-Caro Mauro, quella volta che…
“Caro Massimo, per una volta diciamo quelle volte che”.
-Quali volte?
“Le tante in cui ci si è messi al tavolo d’un ristorante. Oggi, un ricordo”.
-La rivincita della cucina casalinga…
“Meritata. Però senza scordare i sapori creati da maestri del gusto”
-Numerosi, dalle nostre parti?
“Come no. Questa è terra di gourmet e chef, prima ancora che si straparlasse e si teletrasmettesse di gourmet e chef”.
-Un esempio?
“Imbarazzo nella risposta. Me la cavo andando indietro di mezzo secolo, in omaggio ai migliori anni della mia narrazione personale. Che, come per tutti, sono quelli più lontani dal presente”.
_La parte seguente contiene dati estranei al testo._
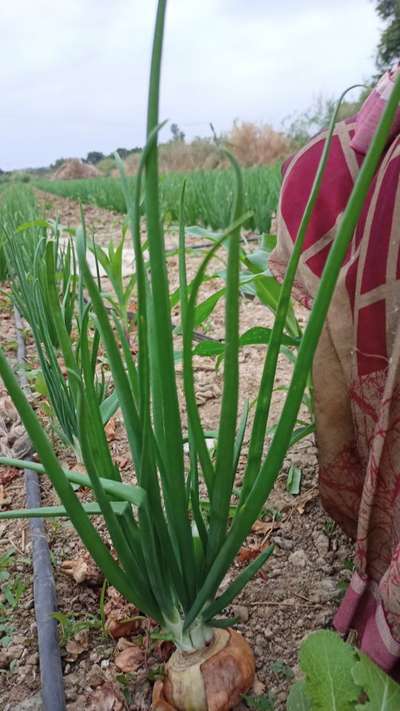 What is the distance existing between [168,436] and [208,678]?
332mm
-Apriamo il calendario a quale data?
“Inizio dei Settanta. Ecco il nome: ristorante Kalimera, di fronte all’ippodromo delle Bettole. L’Azienda autonoma di soggiorno, che dirigevo, ne fece la sua sede. Attorno, i campi da tennis. Poi sarebbero venuti piscina e palaghiaccio. Uffici al piano di sopra, ristorante a quello di sotto. Il Kalimera, appunto. Un artista della cucina: Michele Colonna. Un piatto succulento: la pasta alla Biagio, rigatoni al misterioso sugo d’inarrivabile bontà”.
-Un altro nome, uscendo da Varese?
“Località Ganna. Ristorante: Tre Risotti. Fuoriclasse del fornello: Pino Santolin. Uomo peraltro poliedrico, sarebbe divenuto un personaggio noto qui e altrove, tra l’altro inventandosi pioniere del ciclismo femminile e dilettandosi di pittura”.
-Tre risotti, in realtà uno: con gamberetti, rane, funghi…
“Prelibatezza speciale. Una delle tante. Per assaggiarle, venivano a Ganna da assai lontano. La mia ‘Madeleine’ preferita è una cena il giorno precedente la nascita della mia prima figlia, Alessandra. Ci ritrovammo lì a famiglia completa. 4 agosto ’71. Non avrebbe potuto esserci attesa meglio apparecchiata. Quando la mia memoria torna lì, riassaggio uno squisito ricordo epocale”.
-E sul lago? Mario e Mariuccia alla Schiranna, il Passatore lì vicino, per non dire dell’Hermitage a Lissago. Locali di qualità…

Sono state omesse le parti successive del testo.